The Iowa City shelter also doesn’t have a time limit on how long animals can stay. If any animal that is brought in as a stray isn’t claimed by an owner within five days, the shelter will start the process of evaluating the animal’s health and behavior and whether it is suitable for adoption. If the animal can’t be adopted, the shelter will try to get health treatments or training to remedy what they can.
Whitmore said the shelter has to perform a bit of a balancing act between avoiding euthanasia, having space in the shelter for all the animals it takes in, and keeping unsafe animals from being in the community.
“We feel that these dogs have to be safe for our community. That doesn’t necessarily mean you have to be safe for our community at the beginning. We have dog trainers here that will work with the dogs. If we can get to the point where we figure out what the trigger is or what is the issue, we’ll keep them here and get them adopted,” Whitmore said.
Whitmore said she knows of some animal rescues that are no-kill but will put animals up for adoption that aren’t safe because they don’t have the resources or funding to work with those animals but don’t want to euthanize them and risk losing the no-kill status.
“No-kill gets us a bad rap, because we feel our animals have to be 100 percent safe for our community,” Whitmore said. “I don’t want to euthanize anything, if it’s aggressive or not. That’s not what we’re here in this line of work for, but we definitely would do it. With dog to dog aggression, a lot of times rescues will put those dogs up for adoption. We don’t feel that’s a safe thing either. Not only is it not safe for our community dogs that are already out there. It’s not safe because if that dog attacked another dog, usually people get involved, and then there’s a bite.”
Whitmore said that a trap-neuter-return, or TNR, ordinance passed in Iowa City in 2019, which allows feral and community cats to be neutered and then released back into the city, has also helped with the effort to become a no-kill shelter. Before the ordinance, if unadoptable, feral cats were brought in, the shelter would try to find a barn for them to live in.

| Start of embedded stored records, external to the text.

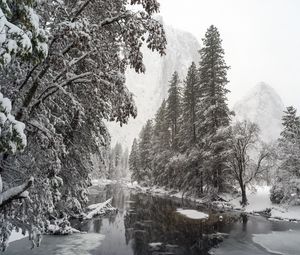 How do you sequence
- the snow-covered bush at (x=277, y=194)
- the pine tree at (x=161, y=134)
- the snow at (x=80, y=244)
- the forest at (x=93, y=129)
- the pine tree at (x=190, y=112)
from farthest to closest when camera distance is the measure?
the pine tree at (x=161, y=134)
the pine tree at (x=190, y=112)
the snow-covered bush at (x=277, y=194)
the snow at (x=80, y=244)
the forest at (x=93, y=129)

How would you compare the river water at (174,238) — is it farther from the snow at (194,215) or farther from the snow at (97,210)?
the snow at (97,210)

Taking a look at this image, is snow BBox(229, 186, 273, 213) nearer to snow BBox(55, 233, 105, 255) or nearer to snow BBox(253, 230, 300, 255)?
snow BBox(253, 230, 300, 255)

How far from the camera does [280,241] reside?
16828 mm

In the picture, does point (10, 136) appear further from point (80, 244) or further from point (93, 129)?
point (80, 244)

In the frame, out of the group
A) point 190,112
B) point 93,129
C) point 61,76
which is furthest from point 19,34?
point 190,112

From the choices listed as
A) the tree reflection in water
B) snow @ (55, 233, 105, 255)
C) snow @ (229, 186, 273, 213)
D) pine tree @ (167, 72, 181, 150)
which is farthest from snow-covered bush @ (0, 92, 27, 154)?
pine tree @ (167, 72, 181, 150)

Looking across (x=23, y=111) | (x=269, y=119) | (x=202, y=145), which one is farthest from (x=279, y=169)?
(x=269, y=119)

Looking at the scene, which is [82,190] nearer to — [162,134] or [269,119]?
[162,134]

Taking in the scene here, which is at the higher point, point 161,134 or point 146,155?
point 161,134

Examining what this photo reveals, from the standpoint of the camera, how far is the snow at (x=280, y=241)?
49.6 ft

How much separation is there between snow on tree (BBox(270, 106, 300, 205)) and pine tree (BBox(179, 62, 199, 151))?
1431cm

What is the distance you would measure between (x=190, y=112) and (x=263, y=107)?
102 metres

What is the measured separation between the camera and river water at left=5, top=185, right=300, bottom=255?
14.6 meters

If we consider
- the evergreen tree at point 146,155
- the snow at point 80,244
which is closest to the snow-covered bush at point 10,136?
the snow at point 80,244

If they didn’t have somewhere to go, those cats had to be euthanized.
Cedar Rapids is currently working on developing an ordinance legalizing TNR efforts in the city, but an initial proposal raised concerns within animal rights communities about the requirements for community members wanting to perform TNR work.
According to Best Friends’ website, the Cedar Rapids Animal Care & Control shelter had a 73.76 percent live release rate in 2020, which is the most recent year Best Friends had available data from the shelter.